Thursday, October 17, 2013

"Rigor" is the Word!

This Advocate article is just another in a long list of propaganda pieces designed to continue the process of ramming though the Common Core in our state public schools.  In the first line of the article, Will Sentell continues to frame the argument about Common Core as a struggle by the "good guys" who want more "rigor" in our schools against the "bad guys" who are supposedly backwards people who want to keep "dumbed down" standards. I would refer my readers again to the letter below written by a parent of an autistic child who knows absolutely from her own experience that you cannot succeed with a one size fits all system of education. Her child will be just going through the motions along with thousands of other children for whom the Common Core is not appropriate!

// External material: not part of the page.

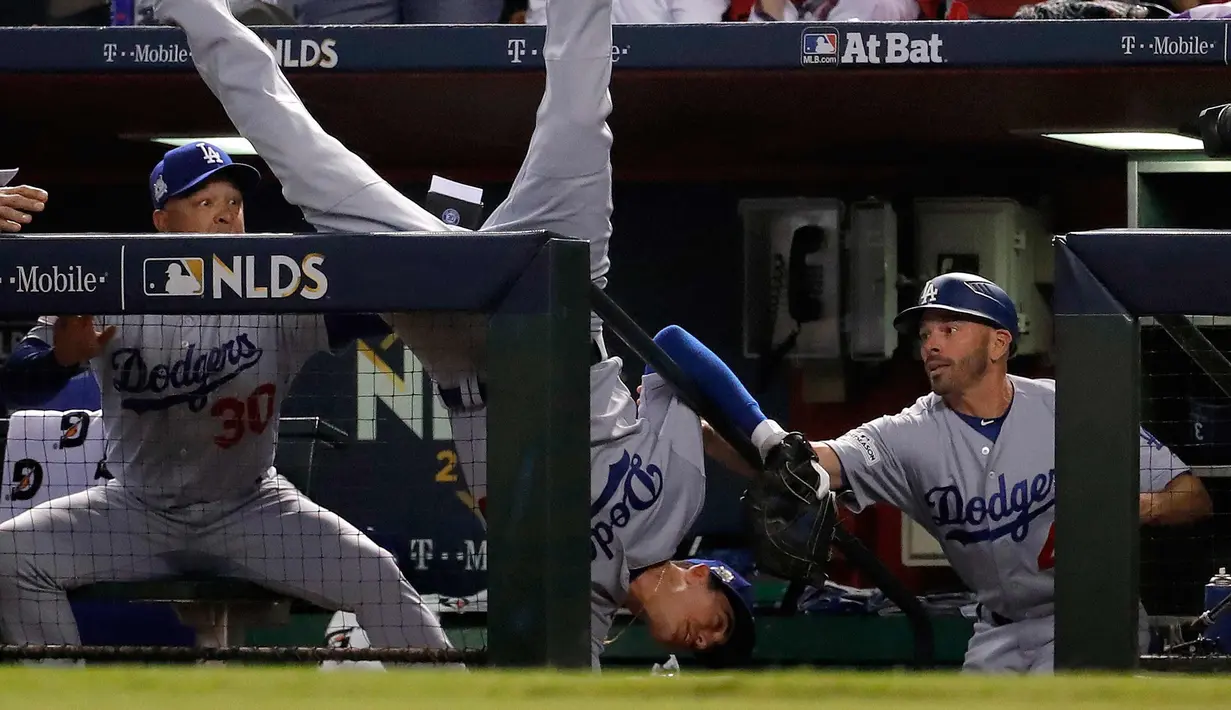 Pemain Los Angeles Dodgers, Cody Bellinger terjatuh setelah menangkap bola tembakan pemain Arizona Diamondbacks, Jeff Mathis saat pertandingan kelima dalam game 3 dari Divisi Liga Nasional baseball di Phoenix (9/10). (AP Photo/Rick Scuteri)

Lottie Beebe is correct when she explains that just letting all the local school systems design their own curriculum to satisfy the Common Core standards will not solve the problem. The point is that each school and each teacher will be judged by how all students do on the Common Core tests. They will be forced to neglect children who do not fit the new system.The students neglected will include most special education children and most voc-tech oriented students who should be prepared for great careers instead of trying to make them ready for our 4 year colleges. That's more than half the students enrolled in our public schools. We have already tried that experiment with our students by pushing most of them into the Core 4 diploma, and it did not work. We now have fewer students completing 4 year colleges than 10 years ago when we tried more "rigor for all". What the proponents of Common Core want us to believe is that there is only "rigor" and therefore only true value is a pure college prep curriculum for all our students. This is the opposite of the system used in Finland and many other countries that are considered leaders in education. This will be a disaster for our public schools and thousands of our students.

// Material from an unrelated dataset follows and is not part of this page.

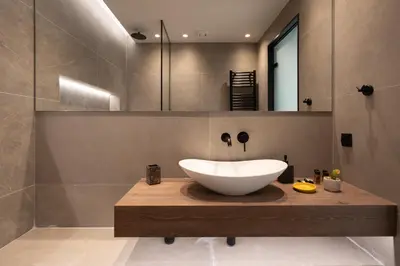 a bathroom with a large white bowl sink on a wooden counter at LIV - Modern Heavenly Retreat in Exarcheia in Athens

We are already hearing that the huge boost in construction and technology industries in Louisiana is going to demand new workers that are trained in the tech fields, not in the traditional batchlors' degree fields. The same is true of the growth in the health care industry which requires mostly 2 year Associate grads for most jobs as our population ages. It is not true that Common Core also prepares students for those jobs. We are already hearing reports that some of the new construction projects in Louisiana will be bringing in expert welders from Taiwan because we do not have enough trained workers in our state. Our high school grads will be relegated to serving fast food to the many imported high tech workers coming to our state because we insisted in preparing our students for the wrong careers! Whom do you think will be blamed when it becomes clear that our students got a bad deal? Not the reformers. Just the implementers.